Мы все расселись в его просторном автомобиле, он впихнул свой мощный торс в пространство за рулем и включил передачу с ревом, заставившим нас вздрогнуть. Мы неслись по кривым улочкам пригорода, петляя среди навьюченных ослов, телег, кучкующихся крестьянок, бесчисленных дворняг и оповещая всех оглушительным клаксоном. Пользуясь моментом, наш водитель решил поддержать разговор. Обращаясь к нам, он каждый раз выворачивал свою массивную голову назад, и тогда машина начинала мотаться туда-сюда, как пьяная ласточка.

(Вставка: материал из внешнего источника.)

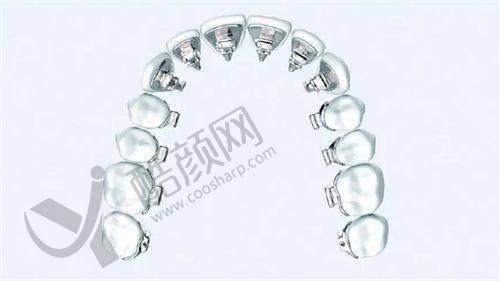 成人深覆颌矫正:提升咀嚼效率势在必行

– Вы из Англия? Я так и думать… Англия не могут без ванная… Я имею ванная… Я звать Спиро, Спиро Хакиаопулос… Все меня называть Спиро Американец, потому что я жил в Америка… Да, восемь лет Чикаго… Вот почему я имею такой хороший английский… Ехать туда делать деньги… Через восемь лет сказал: «Спиро, деньги уже есть» – и я снова в Греция… привез эта машина… самая хорошая на наш остров… никто не иметь такая машина… Меня знать все английский турист… приезжать сюда и меня спрашивать… тогда их никто не обмануть… Я люблю англичане… самые такие хорошие… Если бы я не грек, я бы англичанин, видит боги.
Мы промчались по дороге, выбеленной толстым слоем шелковистой пыли, которая поднималась за нами горячими клубами, а вдоль дороги выстроились ощетинившиеся грушевые деревья, этакий забор из зеленых щитов, остроумно поддерживающих друг друга, в пестрой разметке краснощеких плодов. Мы миновали виноградники с низкорослыми лозами, прошитыми изумрудными листочками, и оливковые рощицы с дырчатыми стволами, строившими нам из своих тенистых укрытий удивленные рожицы, и сбивающийся в кучи полосатый, как зебра, сахарный тростник, помахивающий огромными листьями, точно зелеными флагами. Наконец мы с ревом одолели холм, Спиро ударил по тормозам и остановил машину, подняв клубы пыли.
– Приехать. – Он ткнул вперед коротким толстым указательным пальцем. – Эта вилла с ванная комната, как вы просить.
Мать, всю дорогу ехавшая зажмурившись, осторожно открыла глаза и посмотрела. Спиро показывал на пологий склон, у подножия которого мерцало море. Сам холм и окрестные долины были в гагачьем пуху оливковых рощ, поблескивавших, как рыбья чешуя, стоило только бризу поиграть листвой. Посередине склона, под охраной высоких стройных кипарисов, угнездилась небольшая клубнично-розовая вилла, как экзотический фрукт в оранжерее. Кипарисы тихо раскачивались на ветру, словно старательно раскрашивали и без того чистое небо в еще более яркие тона к нашему приезду.